EXERCISE: Copy out each line below verbatim, skipping any picture.

MATERIAL PROVIDED:
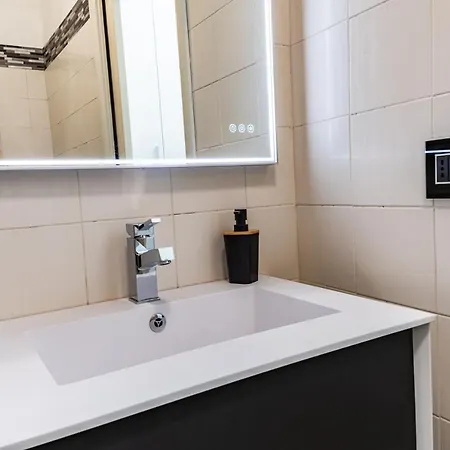 Morgana Sotto Le Torri Centro Storico *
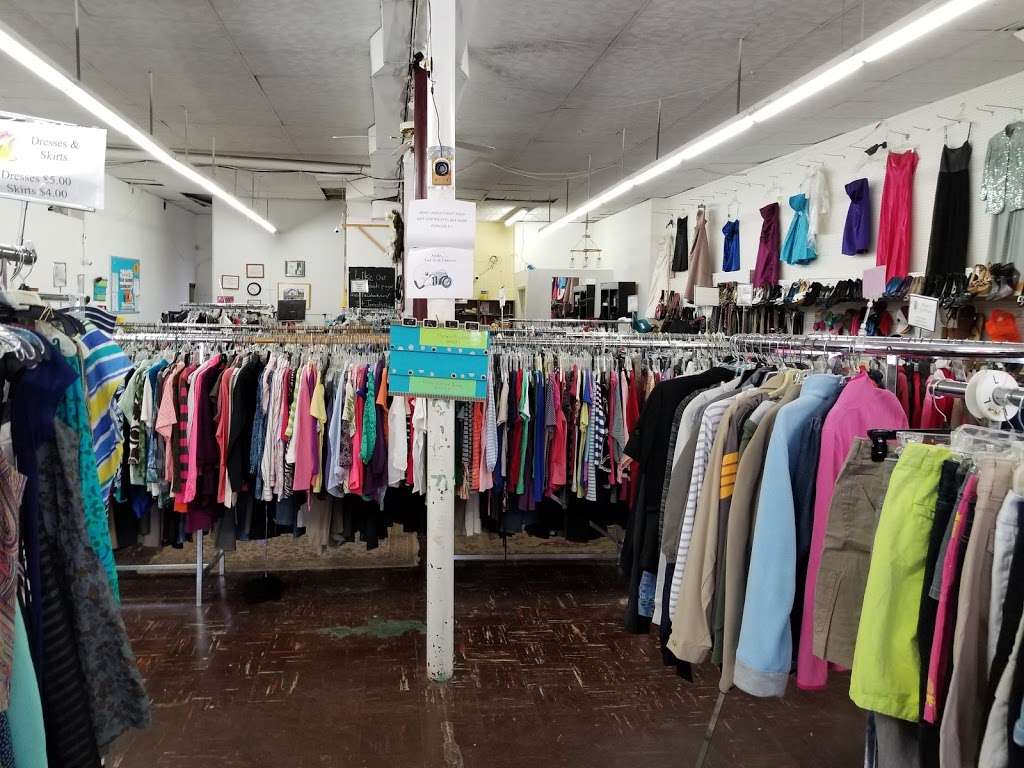 St James Thrift Shop | 234 S Main St, Mt Airy, MD 21771, USA | Phone: (301) 829-0314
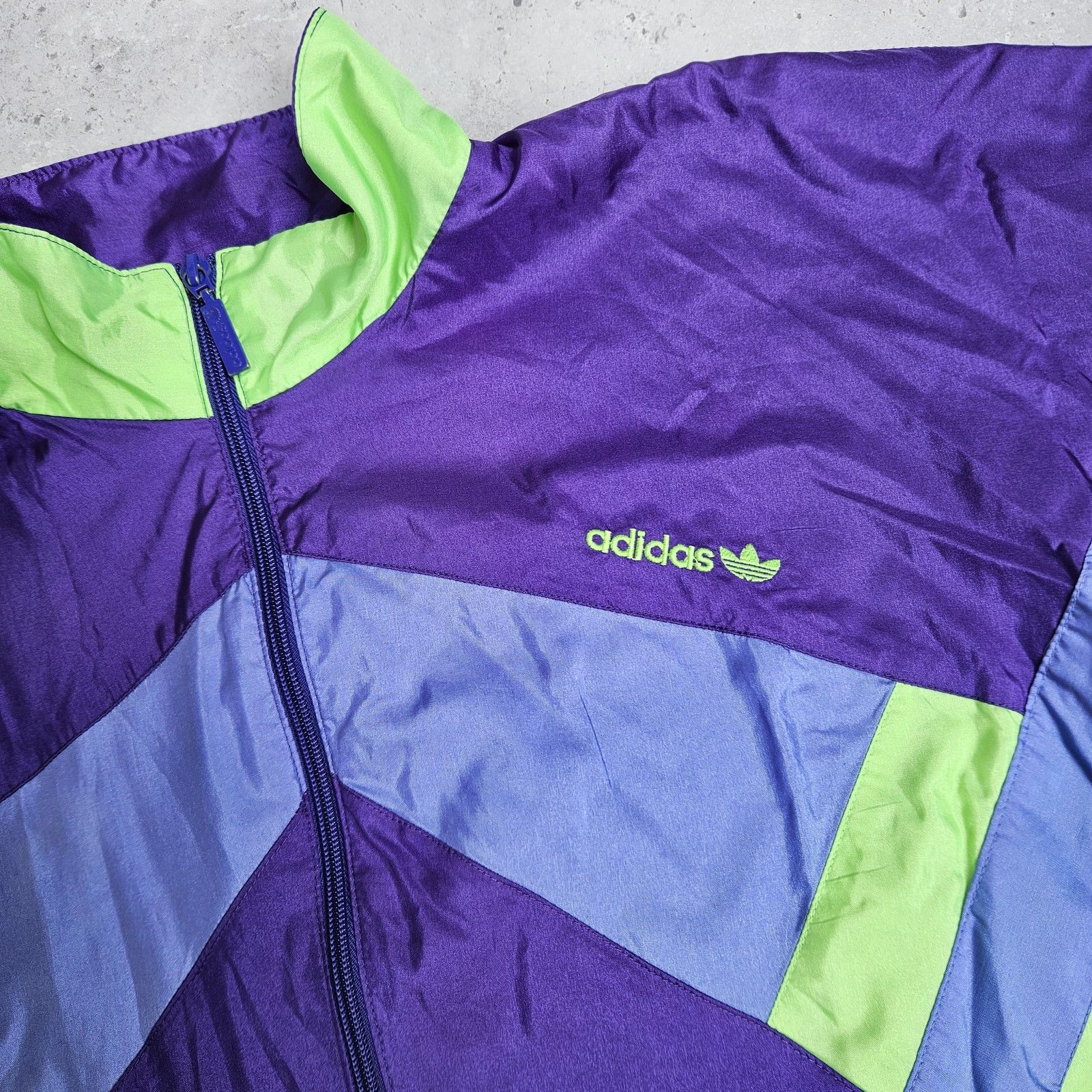 Adidas Vintage Adidas Windbreaker Purple and Green Size US L / EU 52-54 / 3 - 3 Thumbnail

RESULT FOR THIS TASK:
 Morgana Sotto Le Torri Centro Storico *
 St James Thrift Shop | 234 S Main St, Mt Airy, MD 21771, USA | Phone: (301) 829-0314
 Adidas Vintage Adidas Windbreaker Purple and Green Size US L / EU 52-54 / 3 - 3 Thumbnail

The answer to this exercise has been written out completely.